Arzergrande assegna un agente alla polizia di Cortina per sostenere i Giochi Olimpici e Paralimpici Milano‑Cortina 2026: gesto simbolico di responsabilità e collaborazione istituzionale.

ARZERGRANDE sindaco e vigile

Anche Arzergrande è al fianco dei Giochi Olimpici e Paralimpici Invernali Milano - Cortina 2026. Con una delibera di Giunta, l’Amministrazione comunale autorizza l’assegnazione temporanea dell’agente di Polizia locale Edoardo De Biasi al Comune di Cortina d’Ampezzo, a supporto delle attività connesse allo svolgimento della manifestazione. Una decisione che assume un valore simbolico e istituzionale significativo. Un piccolo Comune che sceglie di contribuire, con le proprie risorse, a un evento di rilevanza mondiale, riconoscendo come l’appuntamento olimpico coinvolga non solo i territori direttamente interessati dalle competizioni, ma l’intero Paese.

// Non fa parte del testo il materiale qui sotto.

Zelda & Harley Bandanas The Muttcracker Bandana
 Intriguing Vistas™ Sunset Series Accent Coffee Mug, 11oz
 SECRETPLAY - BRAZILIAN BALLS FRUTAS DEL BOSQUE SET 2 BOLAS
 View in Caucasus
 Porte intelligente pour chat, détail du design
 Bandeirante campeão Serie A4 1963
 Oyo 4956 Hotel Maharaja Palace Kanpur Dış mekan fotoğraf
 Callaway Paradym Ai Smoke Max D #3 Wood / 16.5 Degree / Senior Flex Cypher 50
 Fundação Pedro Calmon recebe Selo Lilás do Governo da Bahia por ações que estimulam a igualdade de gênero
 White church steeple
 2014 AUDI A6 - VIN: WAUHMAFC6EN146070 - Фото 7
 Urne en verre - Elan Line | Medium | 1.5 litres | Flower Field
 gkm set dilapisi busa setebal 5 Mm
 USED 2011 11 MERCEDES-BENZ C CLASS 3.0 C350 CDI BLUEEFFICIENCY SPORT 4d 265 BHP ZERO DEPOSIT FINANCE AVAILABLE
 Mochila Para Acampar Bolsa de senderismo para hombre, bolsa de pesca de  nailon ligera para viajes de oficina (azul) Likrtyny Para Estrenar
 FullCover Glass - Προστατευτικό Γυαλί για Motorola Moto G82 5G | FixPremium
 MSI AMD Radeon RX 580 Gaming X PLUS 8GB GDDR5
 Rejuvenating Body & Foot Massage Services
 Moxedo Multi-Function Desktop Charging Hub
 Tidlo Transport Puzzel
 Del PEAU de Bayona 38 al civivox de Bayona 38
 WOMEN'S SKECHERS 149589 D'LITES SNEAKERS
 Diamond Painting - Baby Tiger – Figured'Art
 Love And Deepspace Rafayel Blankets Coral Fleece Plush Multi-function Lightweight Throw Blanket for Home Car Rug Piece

“Abbiamo ritenuto doveroso” dichiara il sindaco di Arzergrande Filippo Lazzarin “dare un segnale di vicinanza e partecipazione a un appuntamento che rappresenta una straordinaria opportunità per l’Italia. Anche attraverso un gesto semplice come questo, Arzergrande dimostra di essere una comunità responsabile, collaborativa e attenta al valore delle istituzioni”. Il supporto alla Polizia locale di Cortina d’Ampezzo si inserisce in un più ampio spirito di cooperazione tra enti, elemento essenziale per affrontare la complessità organizzativa di un evento che richiede elevati standard di sicurezza, coordinamento ed efficienza operativa. “Ringraziamo l’agente De Miasi per la disponibilità dimostrata” aggiunge Lazzarin “rivolgendo anche un augurio di buon lavoro al sindaco di Cortina d’Ampezzo e a tutti gli operatori impegnati, a vario titolo, nell’organizzazione dei Giochi. Arzergrande conferma così la propria vocazione al servizio e alla collaborazione istituzionale, dimostrando come anche i Comuni più piccoli possano contribuire, con senso di responsabilità, a un grande progetto collettivo”.